Japanische Spielmaschinen wie «Space Invadors» und «Pacman» prägten die Welt der Videospiele zu Beginn des neuen Mediums. In den 80er- und 90er-Jahren eroberten japanische Konsolen von Nintendo, Sega und Sony unsere Wohnzimmer.
Heute dominieren amerikanische Games unsere Bildschirme mit hyperrealistischen Shootern und aufwendig produzierten Blockbustern. Hat Japan den Wettstreit gegen die USA verloren?
Tokyo Game Show: am Puls der japanischen Spielebranche
Mehr darüber erfährt man an der Tokyo Game Show, dem grössten Branchenanlass Japans. Im September sind fast 275'000 Gamerinnen und Gamer an die Messe geströmt, um sich zu informieren und neue Games auszuprobieren – ein Rekord.
Fast 1000 Aussteller präsentierten ihre Spiele und vernetzten sich mit Publishern und Investoren. Mit aufwendigen Dekorationen, riesigen Bildschirmen und verkleideten Angestellten buhlten die Stände um Aufmerksamkeit.
Zwar waren auch westliche Gamefirmen anwesend, doch der Fokus lag klar auf japanischen Riesen wie Sega, Konami und Bandai Namco. Auch das Publikum stammt mehrheitlich aus Japan oder dem südostasiatischen Raum.
Trotz Japan-Begeisterung im Westen präsentiert sich die Tokyo Game Show also erstaunlich wenig international im Vergleich zu anderen Messen wie der Gamescom in Köln. Was steckt dahinter?
Galapagos: Segen und Fluch des starken Heimmarkts
Videospiele sind in Japan weit verbreitet. Der japanische Gamemarkt ist der drittgrösste der Welt, hinter den USA und China, trotz der deutlich kleineren Bevölkerungszahl.

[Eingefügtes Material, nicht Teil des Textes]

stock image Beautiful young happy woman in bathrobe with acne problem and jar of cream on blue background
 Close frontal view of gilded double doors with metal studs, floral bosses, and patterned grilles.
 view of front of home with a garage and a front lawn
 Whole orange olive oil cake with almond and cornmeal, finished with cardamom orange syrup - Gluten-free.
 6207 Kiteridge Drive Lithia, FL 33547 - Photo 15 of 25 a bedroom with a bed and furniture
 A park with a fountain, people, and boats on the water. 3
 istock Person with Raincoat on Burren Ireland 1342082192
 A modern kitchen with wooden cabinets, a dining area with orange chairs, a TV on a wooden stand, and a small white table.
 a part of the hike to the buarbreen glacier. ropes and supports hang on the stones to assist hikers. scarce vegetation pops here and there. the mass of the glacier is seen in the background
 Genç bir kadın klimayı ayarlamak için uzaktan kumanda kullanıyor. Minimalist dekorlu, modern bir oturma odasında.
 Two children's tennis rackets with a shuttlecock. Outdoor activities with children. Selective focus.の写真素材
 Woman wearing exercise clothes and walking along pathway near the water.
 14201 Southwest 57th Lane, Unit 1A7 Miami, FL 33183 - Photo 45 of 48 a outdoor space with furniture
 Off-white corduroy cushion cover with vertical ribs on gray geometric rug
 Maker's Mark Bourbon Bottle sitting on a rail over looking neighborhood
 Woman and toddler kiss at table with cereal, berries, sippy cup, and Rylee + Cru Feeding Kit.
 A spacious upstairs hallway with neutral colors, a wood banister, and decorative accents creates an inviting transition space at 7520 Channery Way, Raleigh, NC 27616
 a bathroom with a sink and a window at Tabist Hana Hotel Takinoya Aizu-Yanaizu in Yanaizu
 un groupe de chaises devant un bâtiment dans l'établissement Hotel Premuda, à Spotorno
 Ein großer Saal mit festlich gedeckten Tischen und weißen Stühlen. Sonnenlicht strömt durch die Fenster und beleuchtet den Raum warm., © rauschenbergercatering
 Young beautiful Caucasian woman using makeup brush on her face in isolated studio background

Das erlaubt es den Gamestudios, Spiele zu produzieren, die exklusiv auf den Heimmarkt zugeschnitten sind.
So ist in Japan ein eigenes Ökosystem entstanden. Ähnlich wie auf den von der Welt abgeschnittenen Galapagosinseln neue Tierarten entstehen konnten, entstand in Japan eine eigene Gamekultur mit einer starken Präferenz für Games im Anime-Stil, für fantasievolle statt realistische Games und für Games mit starker Story-Komponente.
Viele westliche Games haben es schwer in Japan und sind kaum erfolgreich. Und umgekehrt werden viele japanische Games gar nicht erst auf Englisch übersetzt. Das ist Segen und Fluch zugleich: Es erlaubt das Entstehen einer eigenen Gamekultur in Japan und garantiert der einheimischen Gameindustrie einen stabilen Absatzmarkt. Die Abschottung erschwert aber auch einen inspirierenden Austausch mit dem Westen.
Wo bleiben die japanischen Games?
Wenn hierzulande der Eindruck entsteht, es gäbe weniger japanische Games als früher, dann hat das zwei Gründe: Erstens gibt es mehr amerikanische und europäische Games. Und zweitens erscheinen viele japanische Games gar nie auf dem Schweizer Markt.
Der Eindruck täuscht also, die japanische Gameindustrie ist wohlauf: Von den Massenentlassungen, mit denen die amerikanische Gameindustrie regelmässig Schlagzeilen macht, blieben japanische Gameentwickler verschont – im Gegenteil, viele Firmen verteilten sogar Lohnerhöhungen.
Dahinter steckt zum einen die japanische Firmenkultur, die langfristiger denkt und sich ihren Angestellten gegenüber verpflichtet fühlt. Zum anderen reflektiert es die wachsende Nachfrage nach Games: Weltweit, aber auch für den japanischen Heimmarkt wird in den nächsten Jahren trotz schrumpfender Bevölkerung weiteres Wachstum prognostiziert.